Top 10 expected trends for US employers to know in 2023
With slim majorities in Congress, the pace of legislative action is expected to remain slow. Aggressive federal rulemaking and enforcement in areas such as wage and hour, diversity, ESG and labor rights, will likely meet with continued resistance in the form of legal challenges and congressional oversight.
Multi-state compliance is also expected to remain burdensome as remote work takes hold and states and localities enact new laws on issues ranging from pay transparency, discrimination and harassment to leave rights and new technologies in the workplace.
In this report, we identify the latest developments and offer our predictions for 2023.
1. More demands for transparency
From pay and diversity data, to discrimination and harassment claims, new laws are requiring employers to disclose more information than ever before.
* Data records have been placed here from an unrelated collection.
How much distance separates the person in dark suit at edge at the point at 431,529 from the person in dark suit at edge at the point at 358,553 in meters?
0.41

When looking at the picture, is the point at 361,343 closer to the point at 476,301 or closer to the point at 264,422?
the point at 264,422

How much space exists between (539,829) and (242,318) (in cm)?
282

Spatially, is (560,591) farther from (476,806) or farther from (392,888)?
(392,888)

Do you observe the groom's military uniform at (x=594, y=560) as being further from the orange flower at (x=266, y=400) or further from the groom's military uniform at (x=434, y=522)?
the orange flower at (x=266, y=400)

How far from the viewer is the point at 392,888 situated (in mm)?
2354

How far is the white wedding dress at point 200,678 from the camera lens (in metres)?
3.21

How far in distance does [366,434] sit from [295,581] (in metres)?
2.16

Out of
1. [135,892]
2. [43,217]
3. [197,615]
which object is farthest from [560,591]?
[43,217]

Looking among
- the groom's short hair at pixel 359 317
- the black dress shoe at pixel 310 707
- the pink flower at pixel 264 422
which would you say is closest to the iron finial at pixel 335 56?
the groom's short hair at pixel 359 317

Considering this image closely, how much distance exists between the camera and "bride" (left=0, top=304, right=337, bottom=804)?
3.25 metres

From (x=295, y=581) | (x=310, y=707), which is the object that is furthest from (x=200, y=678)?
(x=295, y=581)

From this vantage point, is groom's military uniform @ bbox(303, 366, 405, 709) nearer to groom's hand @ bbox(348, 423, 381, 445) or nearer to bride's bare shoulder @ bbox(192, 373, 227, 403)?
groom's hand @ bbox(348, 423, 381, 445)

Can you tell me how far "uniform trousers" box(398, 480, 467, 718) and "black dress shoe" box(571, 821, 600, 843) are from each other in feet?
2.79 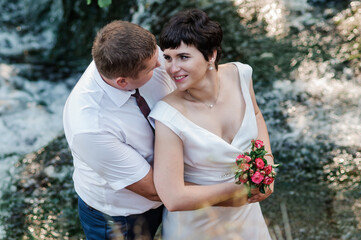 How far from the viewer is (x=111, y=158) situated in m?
2.28

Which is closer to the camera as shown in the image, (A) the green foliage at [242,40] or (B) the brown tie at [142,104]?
(B) the brown tie at [142,104]

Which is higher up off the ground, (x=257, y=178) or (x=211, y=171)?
(x=257, y=178)

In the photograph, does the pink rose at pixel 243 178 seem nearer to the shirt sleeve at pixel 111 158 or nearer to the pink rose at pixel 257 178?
the pink rose at pixel 257 178

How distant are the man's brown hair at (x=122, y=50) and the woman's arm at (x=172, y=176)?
1.12 ft

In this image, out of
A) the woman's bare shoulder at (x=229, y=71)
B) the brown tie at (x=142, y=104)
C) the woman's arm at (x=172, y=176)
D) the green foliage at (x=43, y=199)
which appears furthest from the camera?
the green foliage at (x=43, y=199)

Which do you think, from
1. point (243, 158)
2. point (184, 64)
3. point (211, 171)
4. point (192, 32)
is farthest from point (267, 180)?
point (192, 32)

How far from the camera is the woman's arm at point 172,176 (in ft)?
7.64

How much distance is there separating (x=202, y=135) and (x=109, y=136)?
50cm


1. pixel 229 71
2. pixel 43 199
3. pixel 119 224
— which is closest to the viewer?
pixel 119 224

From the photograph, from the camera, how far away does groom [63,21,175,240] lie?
2239 millimetres

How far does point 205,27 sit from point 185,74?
10.9 inches

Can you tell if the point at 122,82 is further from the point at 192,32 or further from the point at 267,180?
the point at 267,180

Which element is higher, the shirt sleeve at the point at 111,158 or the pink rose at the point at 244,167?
the pink rose at the point at 244,167

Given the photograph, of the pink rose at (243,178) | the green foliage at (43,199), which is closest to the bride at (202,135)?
the pink rose at (243,178) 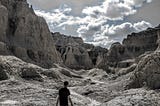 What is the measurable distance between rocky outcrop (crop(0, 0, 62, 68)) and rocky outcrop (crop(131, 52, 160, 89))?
25.5 m

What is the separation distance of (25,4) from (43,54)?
10.0 m

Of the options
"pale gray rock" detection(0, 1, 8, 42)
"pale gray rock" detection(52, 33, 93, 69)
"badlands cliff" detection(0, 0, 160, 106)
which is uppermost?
"pale gray rock" detection(0, 1, 8, 42)

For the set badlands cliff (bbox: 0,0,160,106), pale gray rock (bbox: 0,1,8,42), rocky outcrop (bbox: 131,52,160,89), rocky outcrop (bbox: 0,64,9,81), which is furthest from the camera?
pale gray rock (bbox: 0,1,8,42)

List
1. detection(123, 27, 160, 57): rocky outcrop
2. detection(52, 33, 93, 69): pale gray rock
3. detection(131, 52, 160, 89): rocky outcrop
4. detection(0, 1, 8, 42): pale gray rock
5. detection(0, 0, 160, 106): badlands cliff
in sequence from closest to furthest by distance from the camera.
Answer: detection(0, 0, 160, 106): badlands cliff → detection(131, 52, 160, 89): rocky outcrop → detection(0, 1, 8, 42): pale gray rock → detection(52, 33, 93, 69): pale gray rock → detection(123, 27, 160, 57): rocky outcrop

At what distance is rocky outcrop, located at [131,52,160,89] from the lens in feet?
83.0

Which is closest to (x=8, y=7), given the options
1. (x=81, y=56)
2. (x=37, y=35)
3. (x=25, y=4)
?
(x=25, y=4)

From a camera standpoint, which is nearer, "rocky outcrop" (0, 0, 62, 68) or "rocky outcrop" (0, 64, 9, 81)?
"rocky outcrop" (0, 64, 9, 81)

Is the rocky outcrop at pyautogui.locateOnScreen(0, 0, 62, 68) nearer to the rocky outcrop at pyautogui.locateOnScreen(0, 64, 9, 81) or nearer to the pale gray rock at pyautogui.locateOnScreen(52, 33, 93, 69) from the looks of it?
the rocky outcrop at pyautogui.locateOnScreen(0, 64, 9, 81)

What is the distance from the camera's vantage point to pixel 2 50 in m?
45.5

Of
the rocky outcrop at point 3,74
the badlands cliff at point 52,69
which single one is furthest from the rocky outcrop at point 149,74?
the rocky outcrop at point 3,74

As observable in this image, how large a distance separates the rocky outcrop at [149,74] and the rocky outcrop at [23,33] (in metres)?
25.5

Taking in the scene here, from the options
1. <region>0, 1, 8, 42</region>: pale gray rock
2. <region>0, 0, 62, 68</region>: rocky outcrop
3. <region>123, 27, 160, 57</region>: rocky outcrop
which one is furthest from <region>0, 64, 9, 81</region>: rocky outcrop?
<region>123, 27, 160, 57</region>: rocky outcrop

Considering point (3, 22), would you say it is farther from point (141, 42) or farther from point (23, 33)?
point (141, 42)

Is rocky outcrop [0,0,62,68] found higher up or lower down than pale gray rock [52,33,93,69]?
higher up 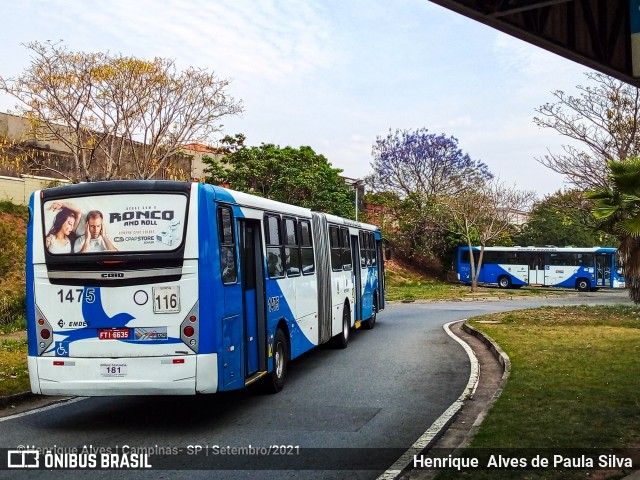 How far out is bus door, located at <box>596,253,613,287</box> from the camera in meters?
45.2

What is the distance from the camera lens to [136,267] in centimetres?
819

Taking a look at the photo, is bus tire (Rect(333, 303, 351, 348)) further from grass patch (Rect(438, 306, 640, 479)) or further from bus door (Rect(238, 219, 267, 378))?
bus door (Rect(238, 219, 267, 378))

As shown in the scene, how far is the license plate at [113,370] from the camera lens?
808 cm

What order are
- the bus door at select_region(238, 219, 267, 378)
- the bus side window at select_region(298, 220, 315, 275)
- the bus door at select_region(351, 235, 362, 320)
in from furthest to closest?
the bus door at select_region(351, 235, 362, 320)
the bus side window at select_region(298, 220, 315, 275)
the bus door at select_region(238, 219, 267, 378)

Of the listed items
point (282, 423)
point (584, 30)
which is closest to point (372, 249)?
point (584, 30)

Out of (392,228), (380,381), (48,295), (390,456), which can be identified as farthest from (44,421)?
(392,228)

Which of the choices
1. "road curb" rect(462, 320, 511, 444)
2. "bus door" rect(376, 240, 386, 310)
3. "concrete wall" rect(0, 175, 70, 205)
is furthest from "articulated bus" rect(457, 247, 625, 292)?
"concrete wall" rect(0, 175, 70, 205)

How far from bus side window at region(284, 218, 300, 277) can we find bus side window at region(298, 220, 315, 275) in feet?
1.08

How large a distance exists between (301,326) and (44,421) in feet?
15.7

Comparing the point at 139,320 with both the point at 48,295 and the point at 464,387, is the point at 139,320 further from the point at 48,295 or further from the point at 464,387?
the point at 464,387

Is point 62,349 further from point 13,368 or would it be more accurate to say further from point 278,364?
point 13,368

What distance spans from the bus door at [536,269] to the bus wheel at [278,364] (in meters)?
39.9

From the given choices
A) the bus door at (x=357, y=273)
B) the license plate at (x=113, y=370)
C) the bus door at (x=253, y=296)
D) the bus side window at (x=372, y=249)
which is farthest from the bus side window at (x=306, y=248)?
the bus side window at (x=372, y=249)

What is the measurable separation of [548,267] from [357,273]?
108ft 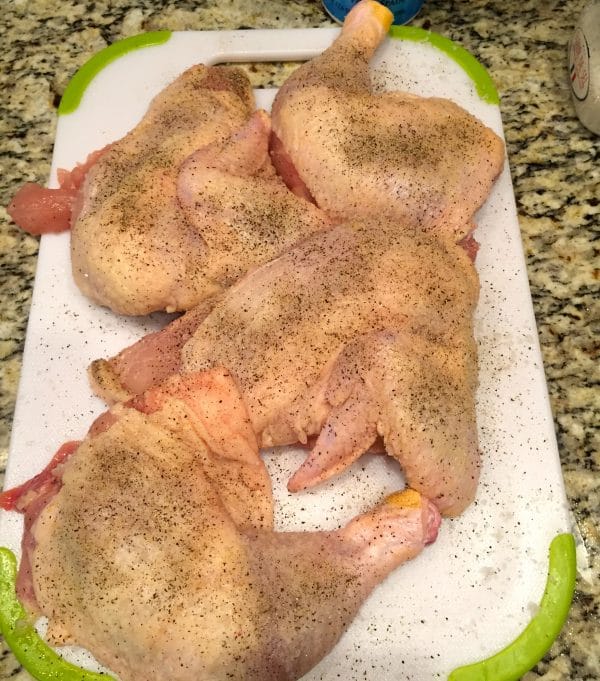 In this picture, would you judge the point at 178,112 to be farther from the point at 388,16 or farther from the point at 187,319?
the point at 388,16

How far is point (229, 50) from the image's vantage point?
6.82 feet

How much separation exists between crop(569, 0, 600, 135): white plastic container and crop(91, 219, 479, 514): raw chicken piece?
2.73 ft

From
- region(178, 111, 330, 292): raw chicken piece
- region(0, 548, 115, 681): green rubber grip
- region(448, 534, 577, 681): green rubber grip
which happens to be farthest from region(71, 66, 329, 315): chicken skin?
region(448, 534, 577, 681): green rubber grip

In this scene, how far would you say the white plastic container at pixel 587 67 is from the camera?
1.92 meters

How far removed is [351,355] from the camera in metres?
1.39

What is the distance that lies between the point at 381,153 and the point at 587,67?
76 centimetres

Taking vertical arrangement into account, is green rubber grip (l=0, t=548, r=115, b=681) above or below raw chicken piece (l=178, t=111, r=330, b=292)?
below

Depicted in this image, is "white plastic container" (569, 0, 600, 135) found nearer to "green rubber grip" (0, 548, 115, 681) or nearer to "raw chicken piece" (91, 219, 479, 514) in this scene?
"raw chicken piece" (91, 219, 479, 514)

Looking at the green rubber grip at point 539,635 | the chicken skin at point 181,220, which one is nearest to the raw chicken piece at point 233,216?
the chicken skin at point 181,220

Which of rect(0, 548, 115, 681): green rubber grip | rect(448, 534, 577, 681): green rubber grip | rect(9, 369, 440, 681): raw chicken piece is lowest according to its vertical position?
rect(448, 534, 577, 681): green rubber grip

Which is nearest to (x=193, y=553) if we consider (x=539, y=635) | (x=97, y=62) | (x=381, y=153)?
(x=539, y=635)

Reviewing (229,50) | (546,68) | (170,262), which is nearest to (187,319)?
(170,262)

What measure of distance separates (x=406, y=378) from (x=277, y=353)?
0.83ft

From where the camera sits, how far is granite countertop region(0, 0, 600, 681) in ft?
5.37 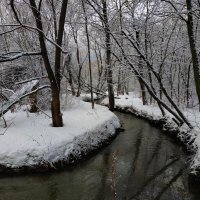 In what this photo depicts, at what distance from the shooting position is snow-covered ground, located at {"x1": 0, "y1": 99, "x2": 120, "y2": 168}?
365 inches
Many lawmakers are prioritizing pay transparency. In 2022, various states and localities (eg, California, New York City, Washington) adopted salary posting and/or reporting requirements. Employers are watching for additional guidance and assessing compliance obligations, including for remote positions, and related risks (eg, pay discrimination claims, impact on competition for talent).
The SEC’s final rules require most public companies to report detailed, complex pay-versus-performance data starting in 2023. Additionally, the SEC adopted final rules requiring securities exchanges to compel their listed companies to implement policies to claw back erroneously awarded incentive compensation, which will likely result in changes to listing standards for companies in 2023.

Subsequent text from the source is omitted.